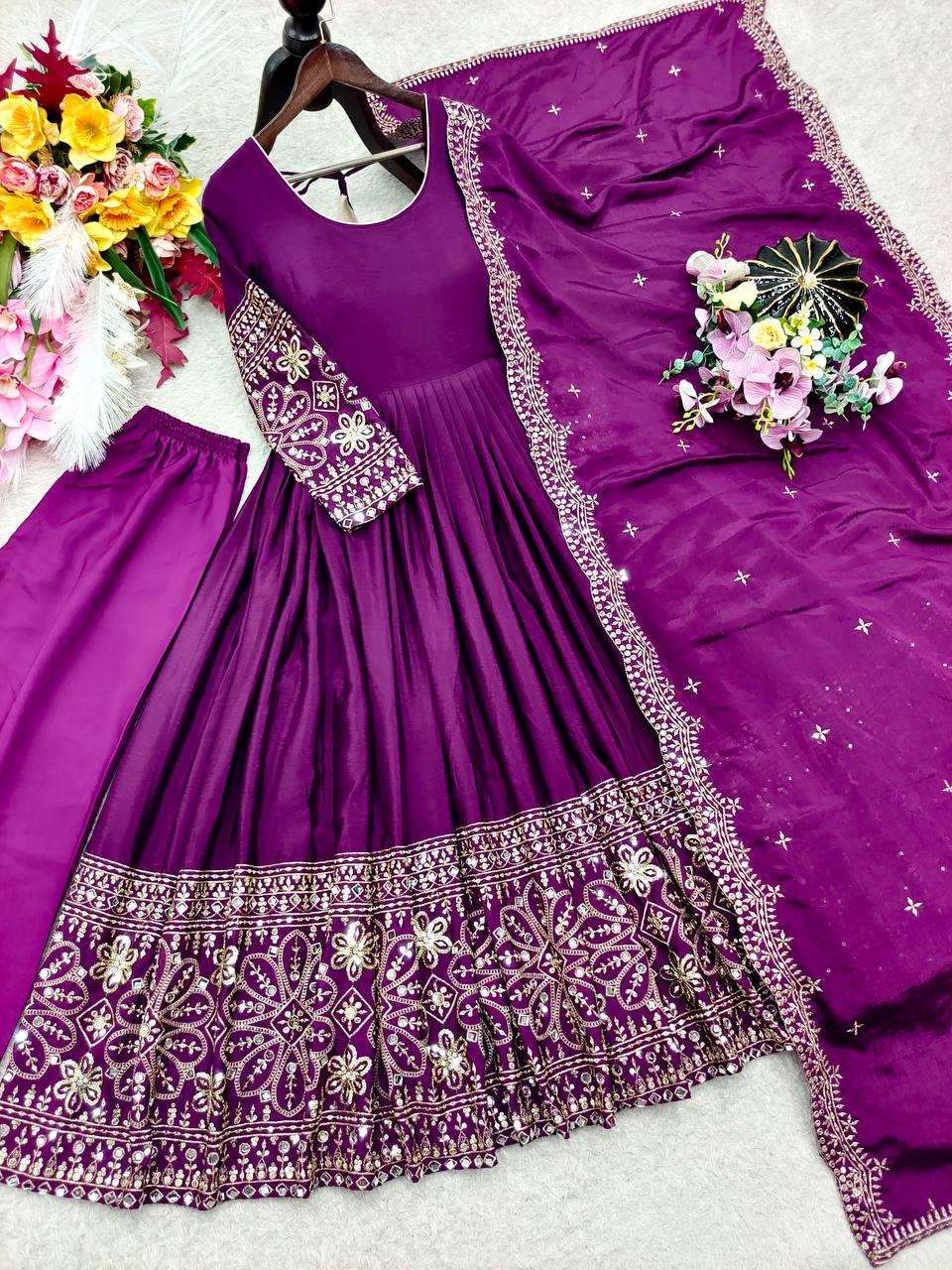 Chinon Silk 5mm Sequence Embroidery Work Gown Set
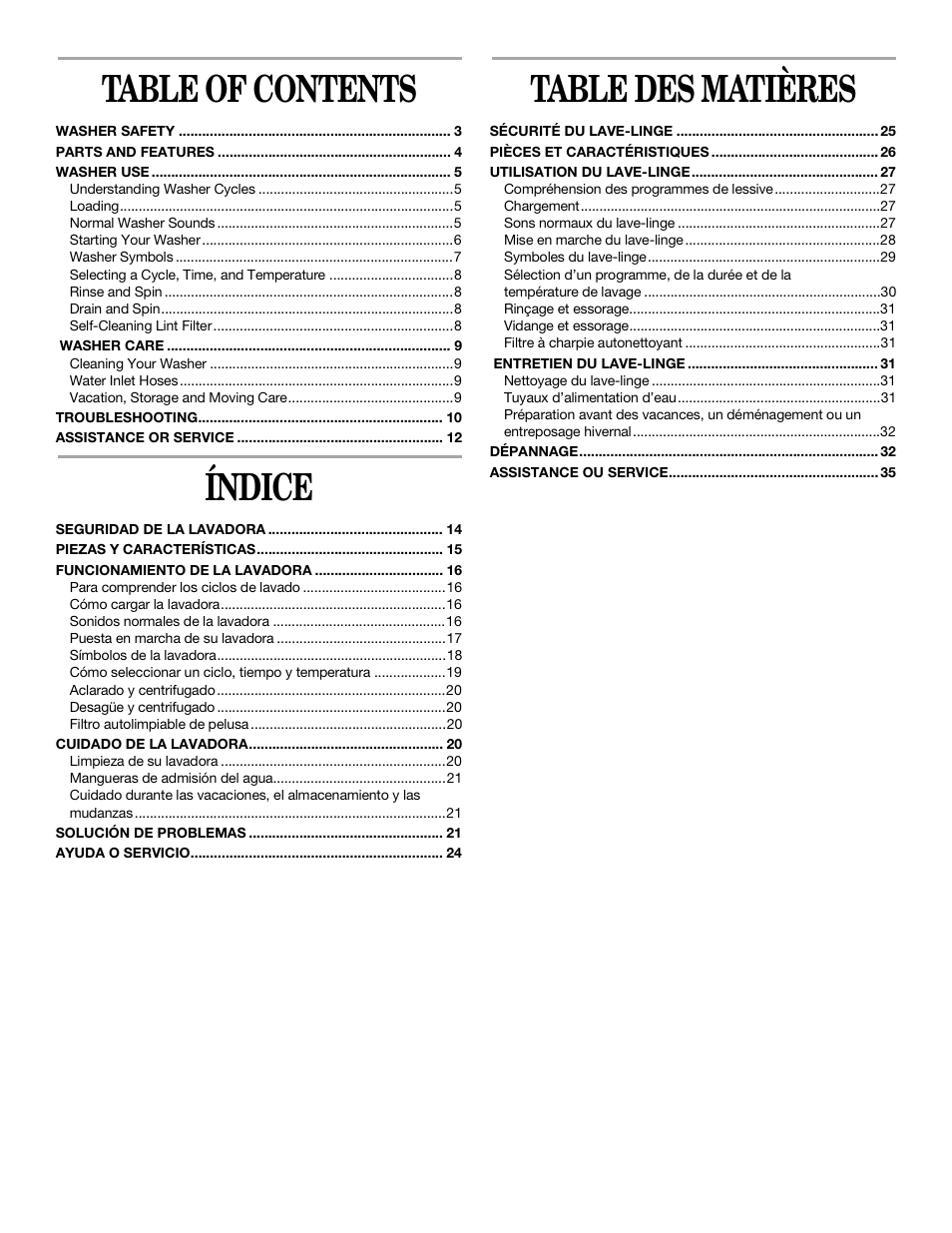 Whirlpool 3XLSQ8000 User Manual | Page 2 / 35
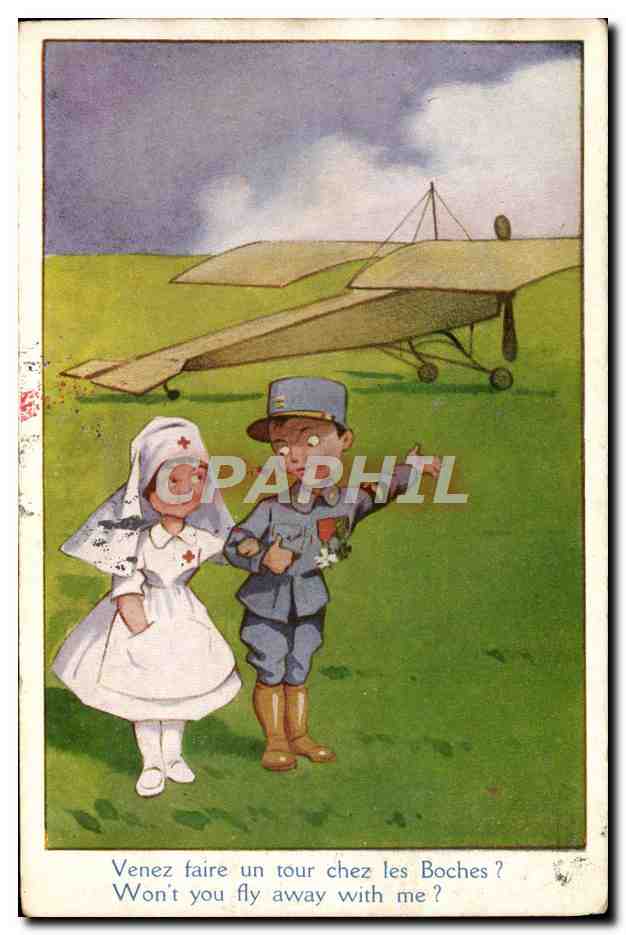 CPA Illustrateur Infirmiere Avion Militaria Croix Rouge 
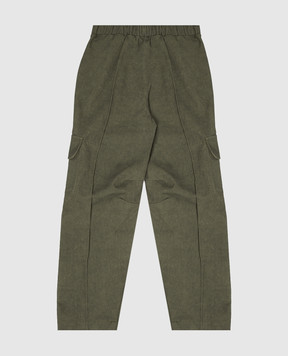 Palm Angels Children's green cargo pants with logo pattern F6PAJBPA139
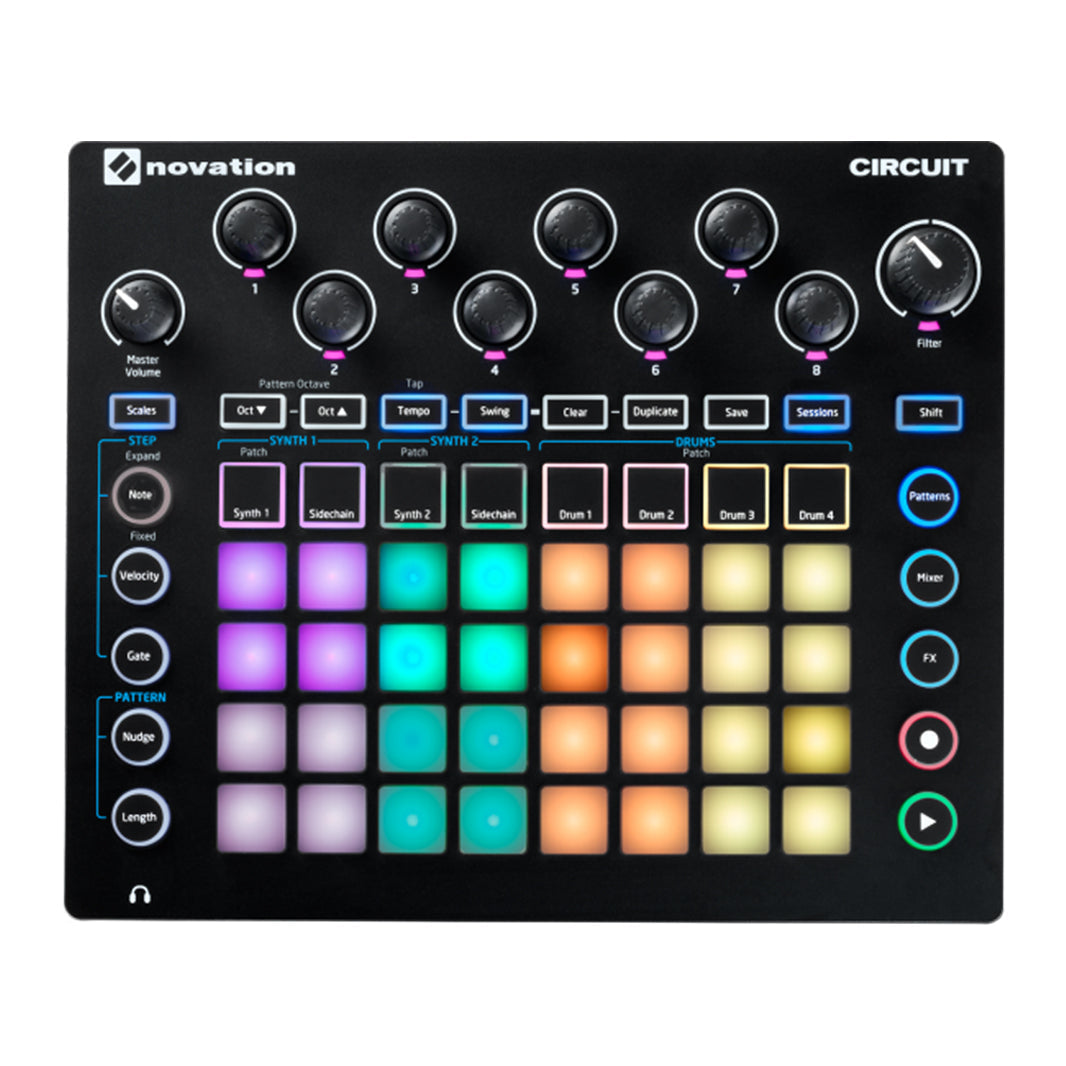 Novation Circuit 2-Part Synthesizer w/ A 4x8 RGB Velocity-Sensitive Grid Sequencer |  NOVATION |  KEYBOARD-MIDI CONTROLLER |  Zoso Music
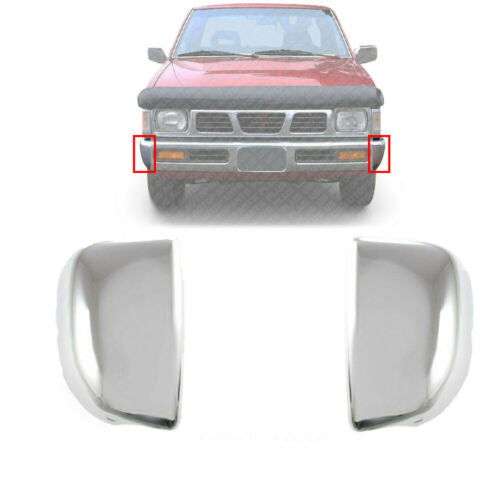 Front Bumper End Caps LH+RH Chrome Steel For 1995-1996 Nissan Pickup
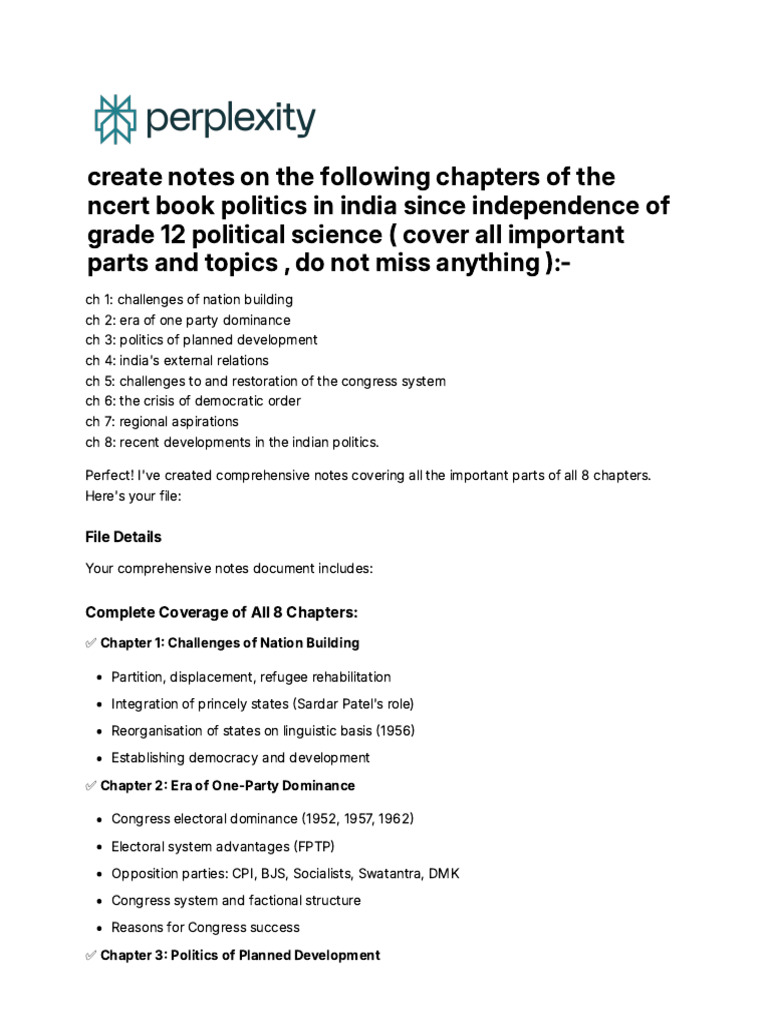 Create Notes on the Following Chapters of the Ncer | PDF | Indian ...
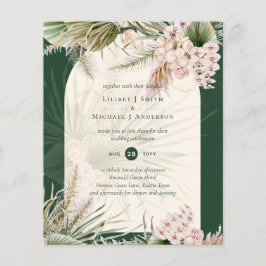 BUDGET BOHO Pampas Grass Grönt Bröllop MATTE Flygblad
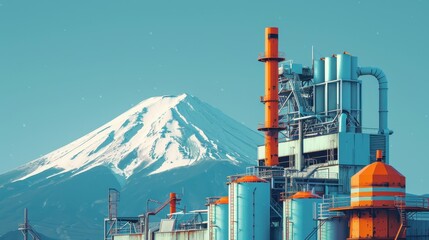 Obraz premium Abstract factory on Mount Fuji, geometric shapes and bold colors Snowcovered peak, clear sky Artistic fusion of industrial design and natural scenery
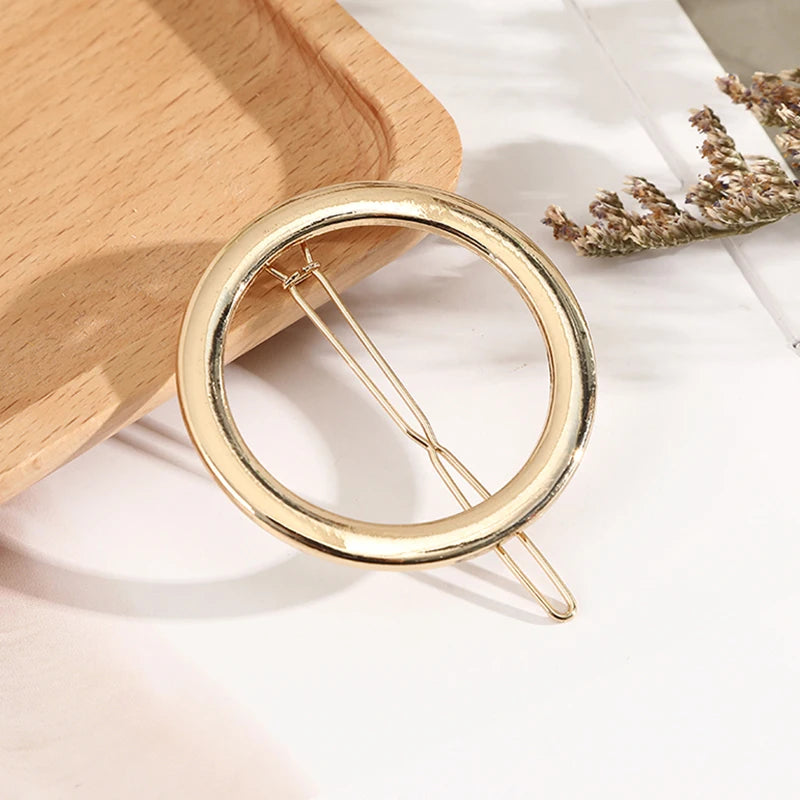 Elegant Round Crystal Metal Hair Clip Barrette – Sweet Gold Hairpin for Women & Girls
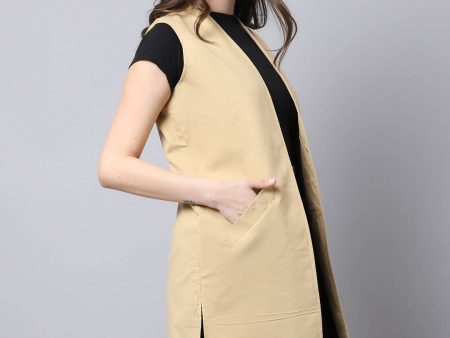 Even Apparels Brown Polywool Open Front Women s Long Coat PW724 For Cheap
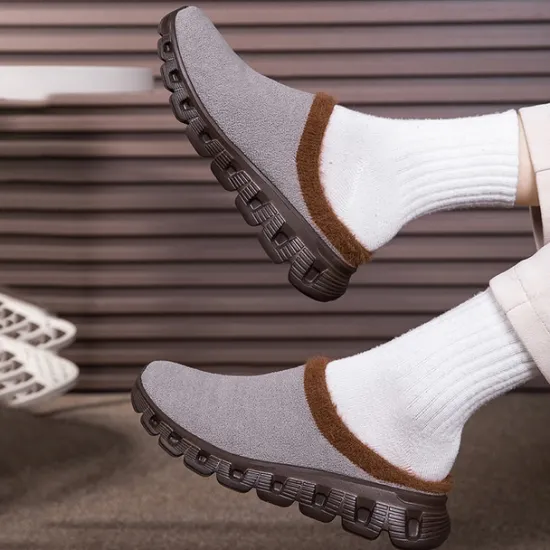 Sale OUKU Men's Cozy Slip-On Winter Clogs with Plush Lining and Anti-Slip Sole - Comfortable Indoor and Outdoor Shoes for Cold Weather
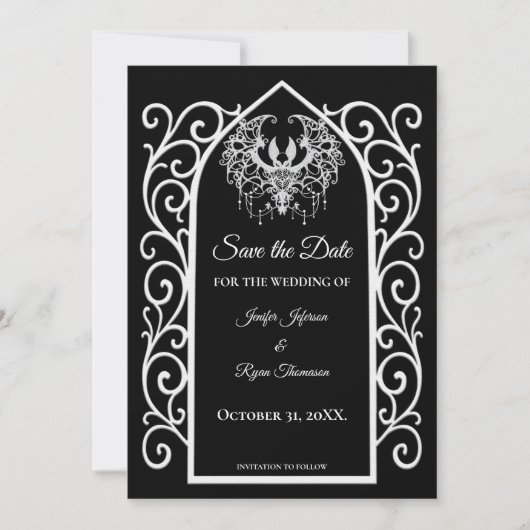 Gothic border black and white wedding save the dat 案内状 (正面)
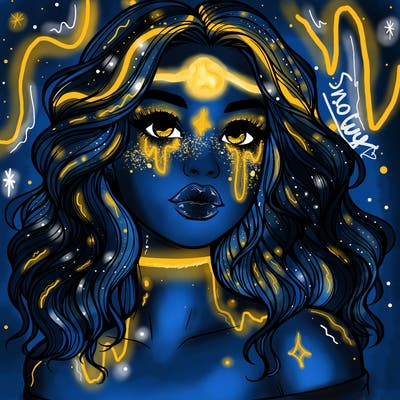 realistic girl with wavy hair and lips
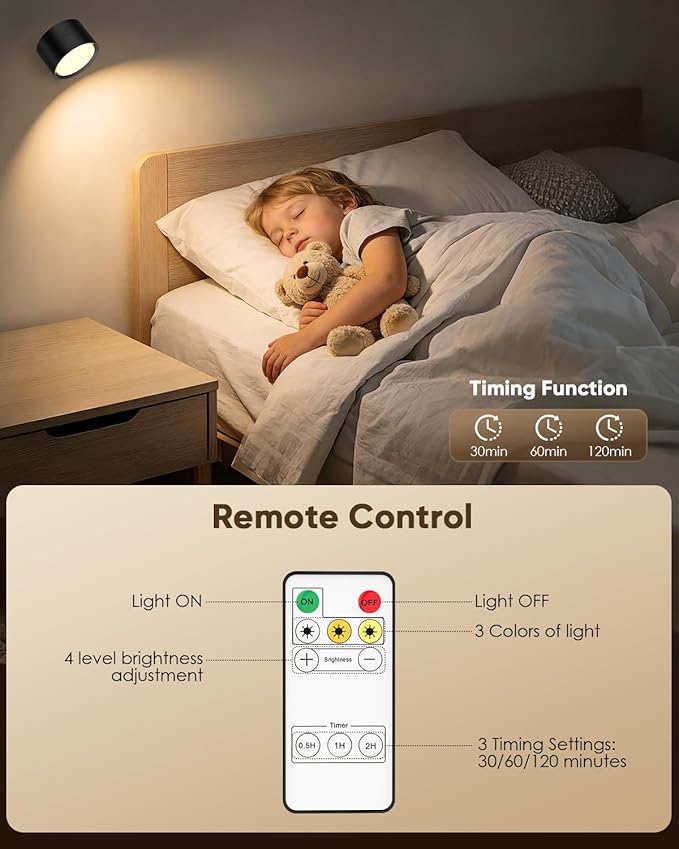 LED Wall Mounted Lights 2 Pcs with Remote, Rechargeable Wall Sconce with 3 Color Temps & Dimmable Magnetic 360° Rotation Cordless Light for Bedroom Reading Bedside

◇ ◇ ◇ ◇ ◇ ◇ ◇

Retype exactly the lines above, starting at the line containing "Even Apparels Brown" and ending with the last line, both included; leave out the pictures.

* ANSWER SPACE:
 Even Apparels Brown Polywool Open Front Women s Long Coat PW724 For Cheap
 Sale OUKU Men's Cozy Slip-On Winter Clogs with Plush Lining and Anti-Slip Sole - Comfortable Indoor and Outdoor Shoes for Cold Weather
 Gothic border black and white wedding save the dat 案内状 (正面)
 realistic girl with wavy hair and lips
 LED Wall Mounted Lights 2 Pcs with Remote, Rechargeable Wall Sconce with 3 Color Temps & Dimmable Magnetic 360° Rotation Cordless Light for Bedroom Reading Bedside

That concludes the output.